→ **PROVIDED MATERIAL**:

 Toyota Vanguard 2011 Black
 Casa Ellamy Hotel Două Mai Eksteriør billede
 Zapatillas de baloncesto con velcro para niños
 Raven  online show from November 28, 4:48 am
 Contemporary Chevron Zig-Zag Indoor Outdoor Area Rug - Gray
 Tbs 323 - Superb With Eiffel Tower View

--

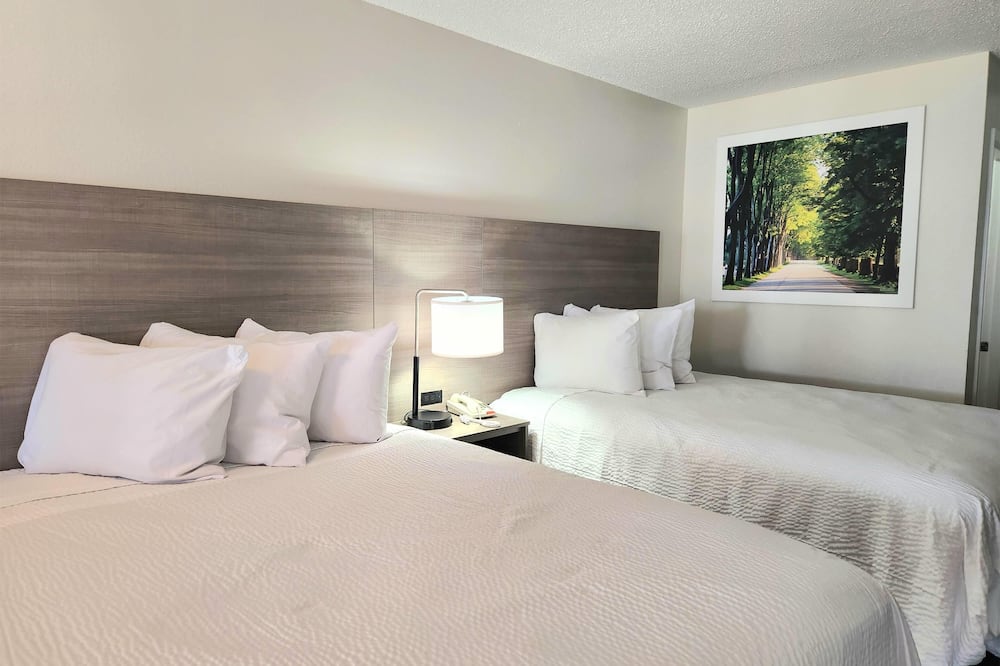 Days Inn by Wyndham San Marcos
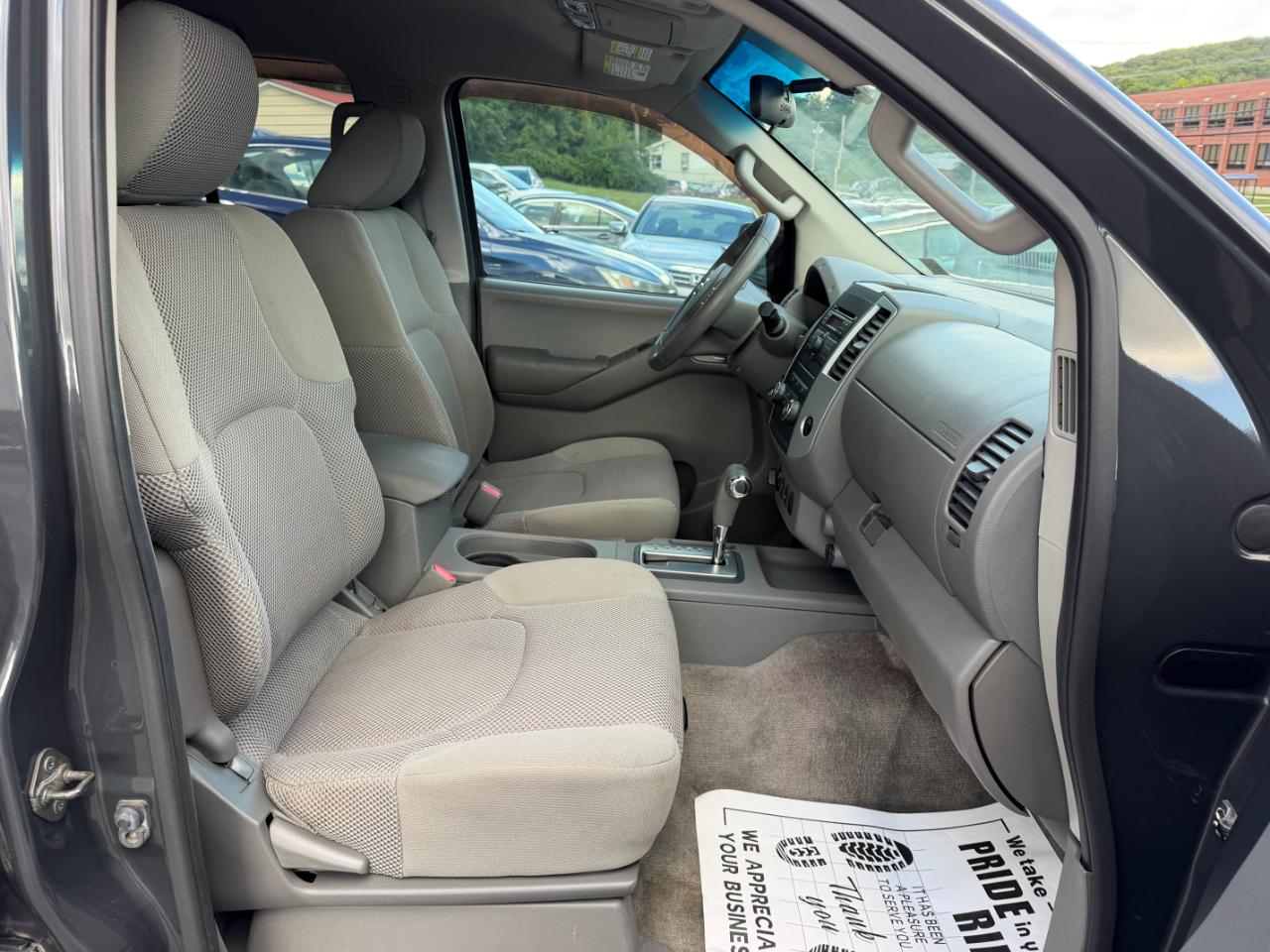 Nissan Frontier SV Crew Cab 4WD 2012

→ **WHAT YOU WILL DO**:
In the records above, the line with "Contemporary Chevron Zig-Zag" marks the start and the line with "Tbs 323 - Superb With Eiffel Tower View" marks the end; copy that stretch exactly, both lines included, and nothing else.

→ **FINAL ANSWER**:
 Contemporary Chevron Zig-Zag Indoor Outdoor Area Rug - Gray
 Tbs 323 - Superb With Eiffel Tower View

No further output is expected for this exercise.